(Provided data Opens)

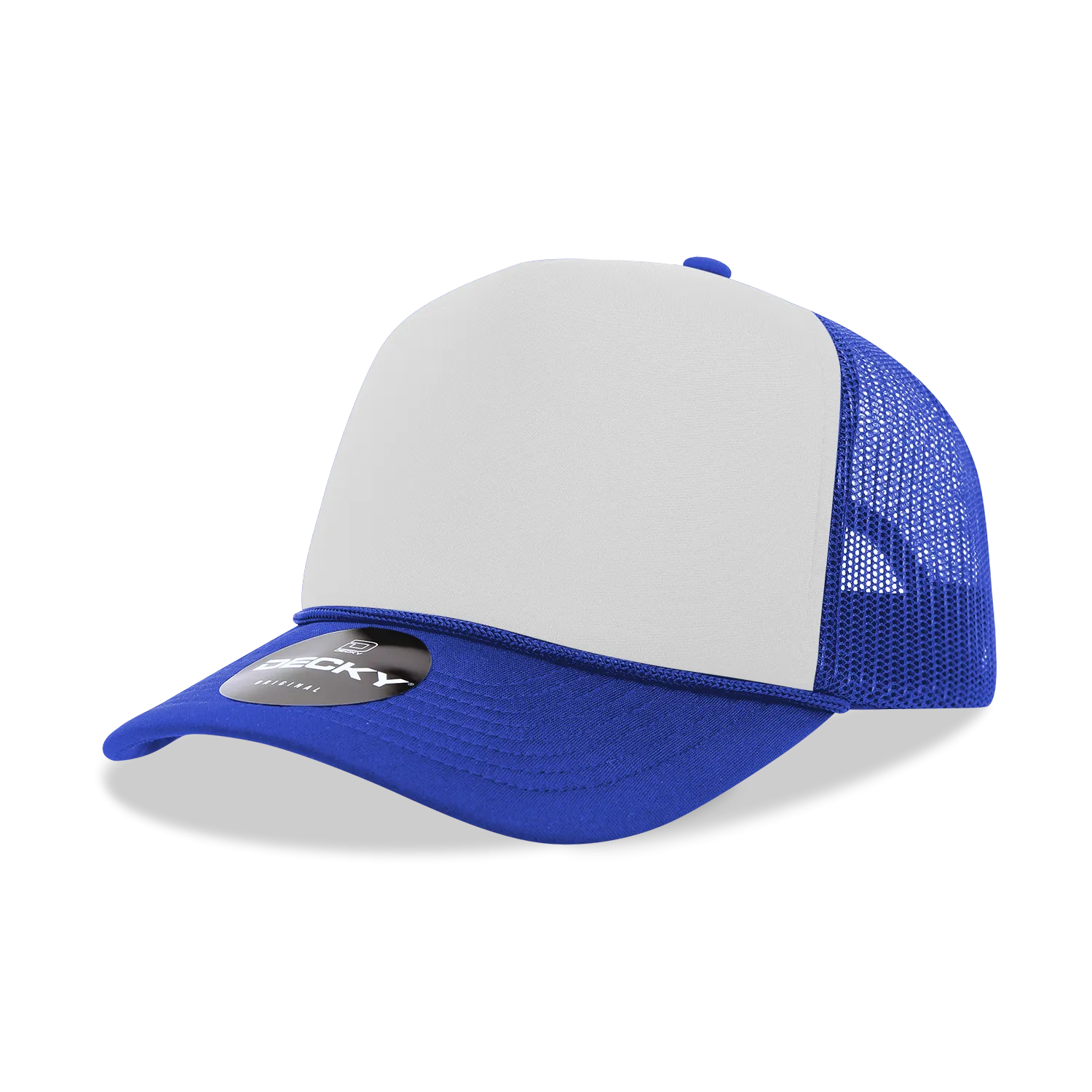 Decky 6025 Mid Profile, 5 Panel Foam Trucker Hat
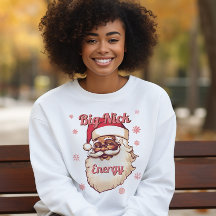Finny Big Nick Energy African American Santa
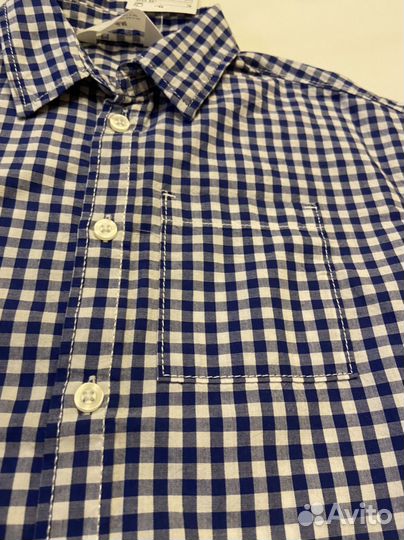 Рубашка на мальчика hm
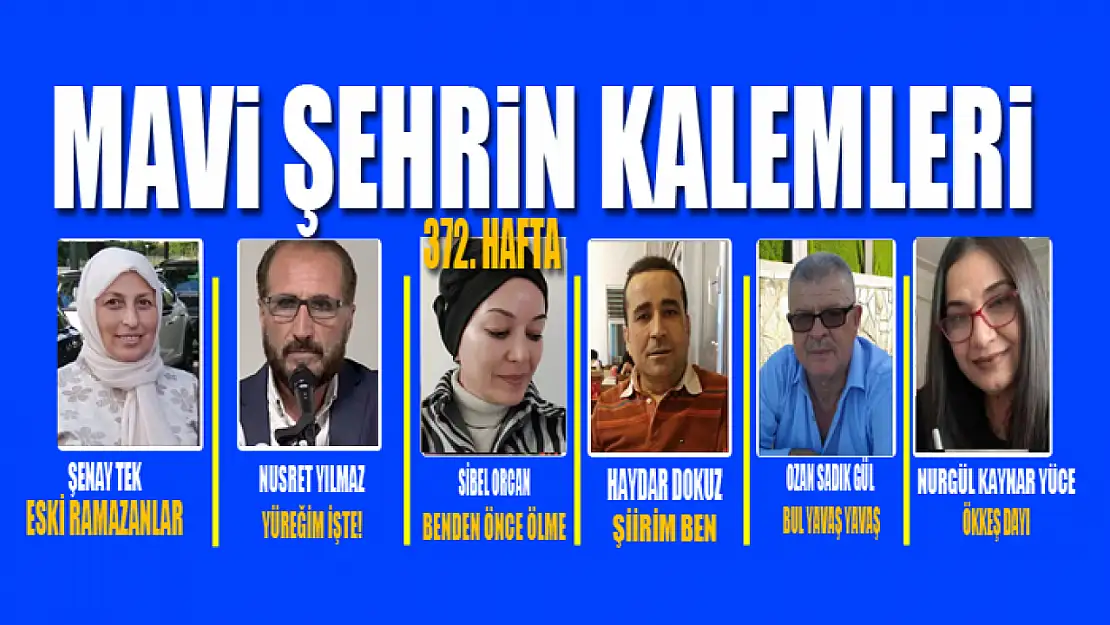 Mavi Şehrin Kalemleri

(Provided data Closes)

Would you copy out the data exactly, leaving every picture out?

> **Answer to the problem**
 Decky 6025 Mid Profile, 5 Panel Foam Trucker Hat
Finny Big Nick Energy African American Santa
 Рубашка на мальчика hm
 Mavi Şehrin Kalemleri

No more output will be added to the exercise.